• **ASSIGNED TASK**
Below are entries. Give back exactly the lines from the one containing "Integration of nanodiamond" through the one containing "Seaholly Botanical Cast", inclusive, without the pictures.

[[ DATA TO PROCESS, beginning ]]

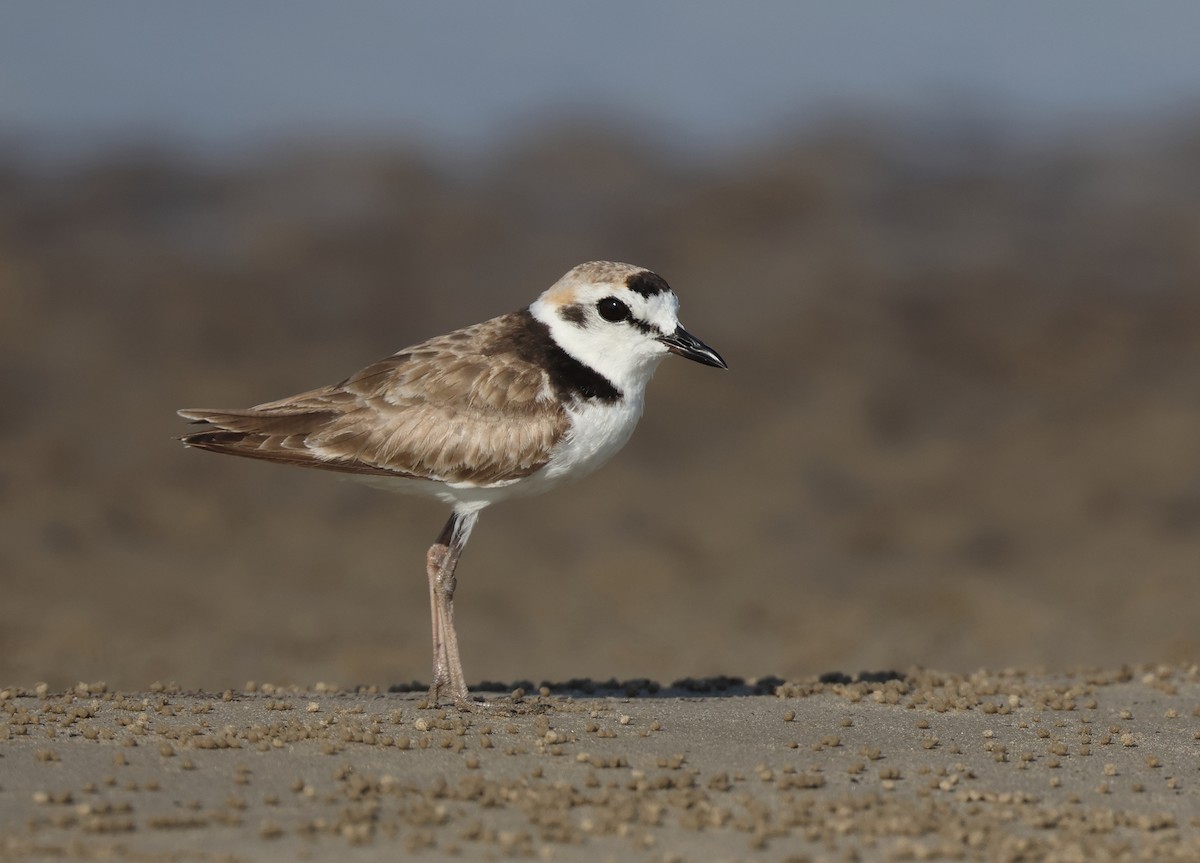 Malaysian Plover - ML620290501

[[ DATA TO PROCESS, end ]]
[[ DATA TO PROCESS, beginning ]]

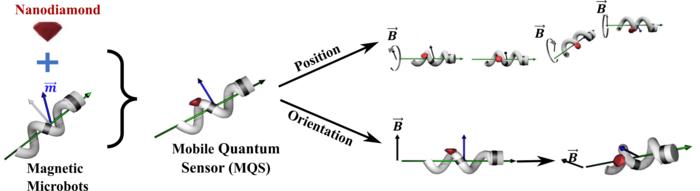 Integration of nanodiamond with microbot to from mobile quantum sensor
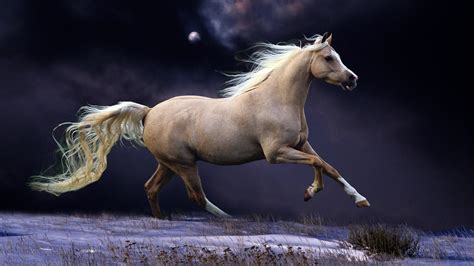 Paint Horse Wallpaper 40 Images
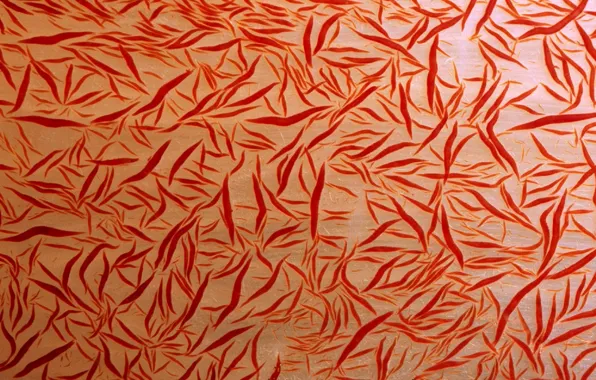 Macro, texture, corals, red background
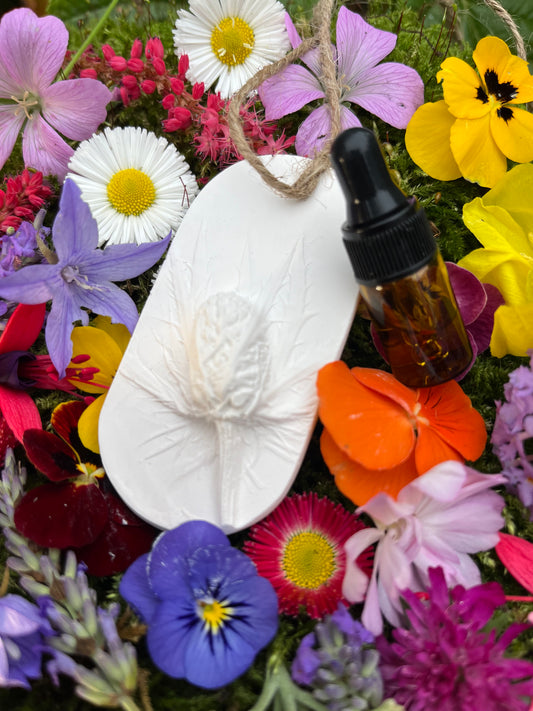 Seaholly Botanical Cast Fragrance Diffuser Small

[[ DATA TO PROCESS, end ]]

• **EXPECTED OUTPUT**
 Integration of nanodiamond with microbot to from mobile quantum sensor
 Paint Horse Wallpaper 40 Images
 Macro, texture, corals, red background
 Seaholly Botanical Cast Fragrance Diffuser Small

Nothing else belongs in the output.